17
votes
void return_input (void)
{ 
   char array[30]; 

   gets (array); 
   printf("%s\n", array); 
}

After compiling it in gcc, this function is converted to the following Assembly code:

push   %ebp
mov    %esp,%ebp
sub    $0x28,%esp
mov    %gs:0x14,%eax
mov    %eax,-0x4(%ebp)
xor    %eax,%eax
lea    -0x22(%ebp),%eax
mov    %eax,(%esp)
call   0x8048374 
lea    -0x22(%ebp),%eax
mov    %eax,(%esp)
call   0x80483a4 
mov    -0x4(%ebp),%eax
xor    %gs:0x14,%eax
je     0x80484ac 
call   0x8048394 
leave  
ret  

I don't understand two lines:

mov    %gs:0x14,%eax
xor    %gs:0x14,%eax

What is %gs, and what exactly these two lines do?

This is compilation command:

cc -c -mpreferred-stack-boundary=2 -ggdb file.c
3
I suppose these are SS,DS,CS,ES,FS,GS - segment registers. If i got it right.Sergey Benner

3 Answers

24
votes

GS is a segment register, its use in linux can be read up on here (its basically used for per thread data).

mov    %gs:0x14,%eax
xor    %gs:0x14,%eax

this code is used to validate that the stack hasn't exploded or been corrupted, using a canary value stored at GS+0x14, see this.

gcc -fstack-protector=strong is on by default in many modern distros; you can use gcc -fno-stack-protector to not add those checks. (On x86, thread-local storage is cheap so GCC keeps the randomized canary value there, making it somewhat harder to leak.)

3
votes

ES, FS, GS: Extra Segment Registers Can be used as extra segment registers; also used in special instructions that span segments (like string copies). taken from here

http://www.hep.wisc.edu/~pinghc/x86AssmTutorial.htm


hope it helps

3
votes

In the AT&T style assembly languages, the percent sigil generally indicates a register. In x86 family processors from 386 onwards, GS is one of the so-called segment registers. However, in protected mode environments segment registers work as selector registers.

A virtual memory selector represents its own mapping of virtual address space together with its own access regime.
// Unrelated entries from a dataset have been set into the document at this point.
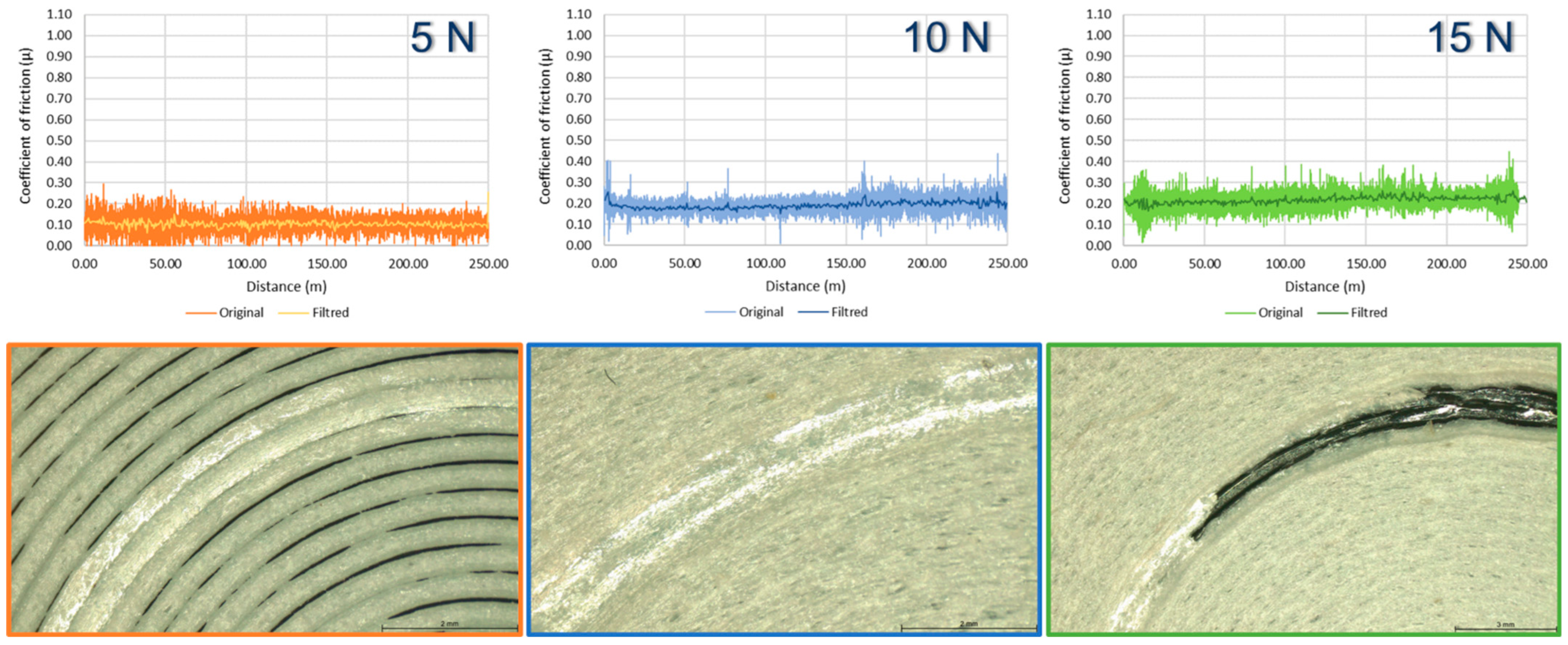 Applsci 14 07161 g004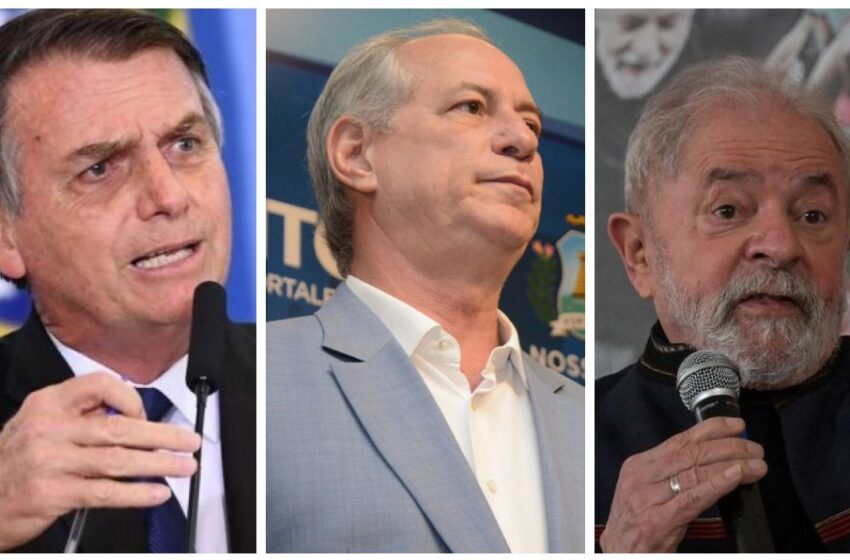  Justiça barra perguntas em pesquisa que avaliam chapas no Ceará com Bolsonaro, Ciro e Lula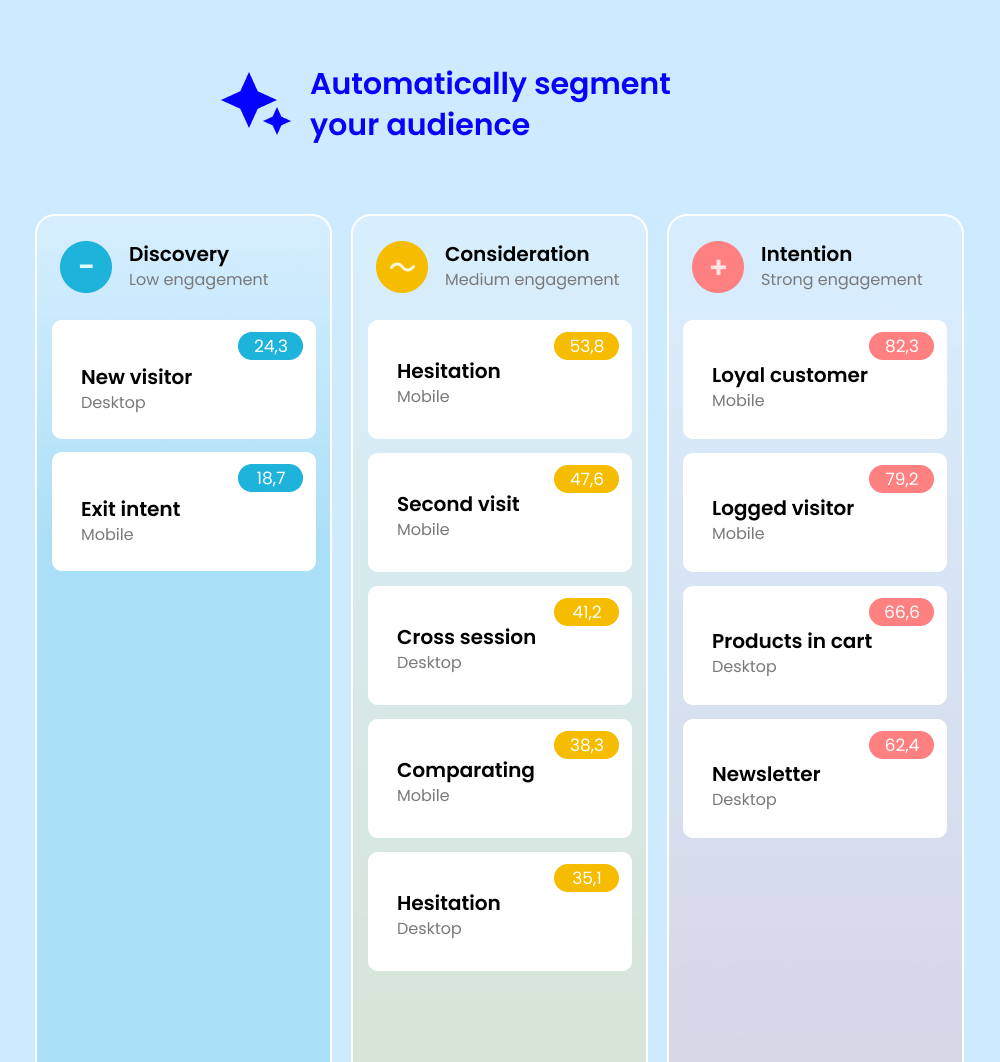 Automatically segment your audience: we show three columns grouping site visitors according to their level of engagement (low, medium or high).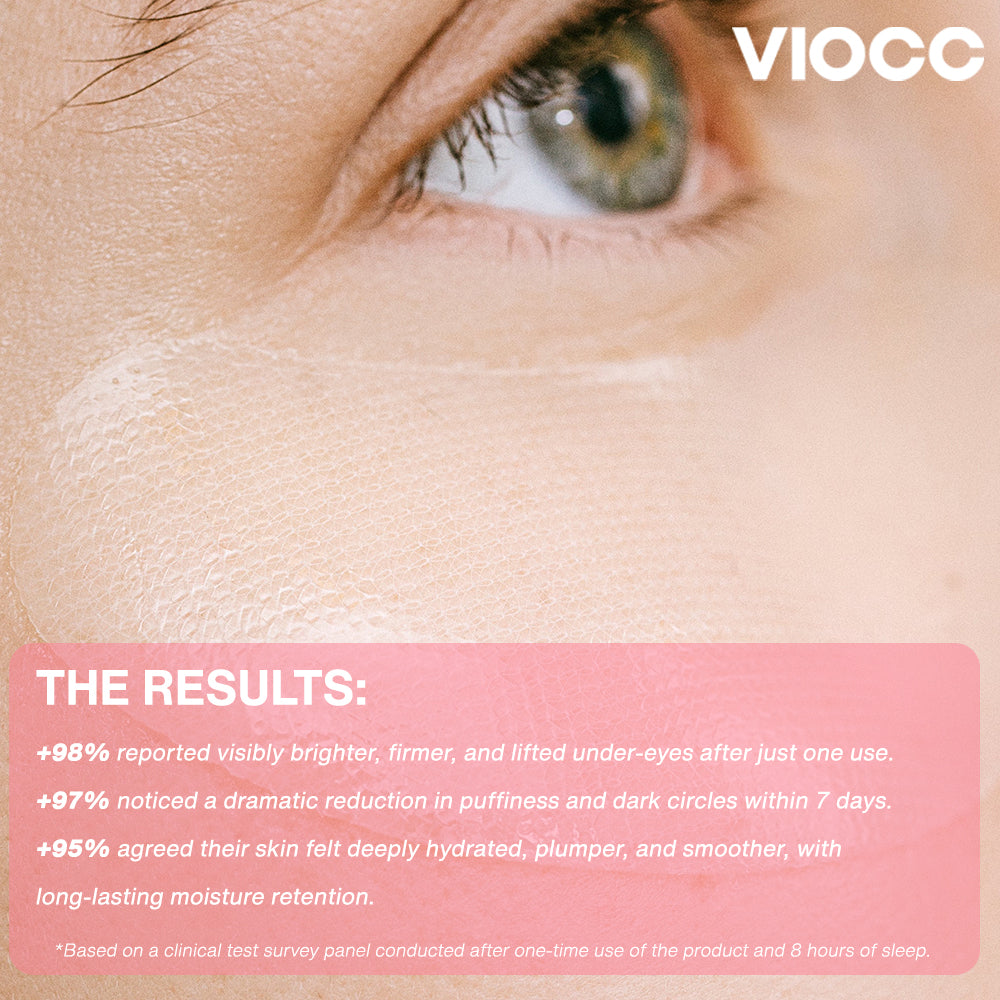 VIOCC™ Hyaluronic Lift Micro-Needle Eye Masks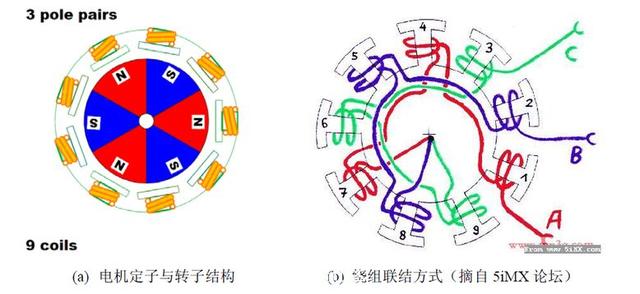 最全无刷电机干货，一文带你了解控制原理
In practical terms, %gs:0x14 can be thought of as a reference into an array whose origin is held in %gs (albeit the CPU does a bit of extra dereferencing). On modern GNU/Linux systems, %gs is usually used to point at the thread-local storage region. In the code you're asking about, however, only one item of the TLS matters — the stack canary.

The idea is to attempt to detect a buffer overflow error by placing a random but constant value — it's called a stack canary in memory of the canaries coal miners used to employ to signal increase in levels of poisonous gases by dying — into the stack before gets() gets called, above its stack frame, and check whether it is still there after gets() will have returned. gets() has no business overwriting this part of the stack — it is outside its own stack frame, and it is not given a pointer to it —, so if the stack canary has died, something has gone wrong in a dangerous way. (C as a programming environment happens to be particularly prone to this kind of wrong-goings, and security researchers have learnt to exploit many of them over the last twenty years or so. Also, gets() happens to be a function that is inherently at risk to overflow its target buffer.) You have not offered addresses with your code, but 0x80484ac is likely the address of leave, and the call 0x8048394 which is executed in case of mismatch (that is, jumped over by je 0x80484ac in case of match), is probably a call to __stack_chk_fail(), provided by libc to handle the stack corruption by fleeing the metaphorical poisonous mine.

The reason the canonical value of the stack canary is kept in the thread-local storage is that this way, every thread can have its own stack canary. Stacks themselves are normally not shared between threads, so it is natural to also not share the canary value.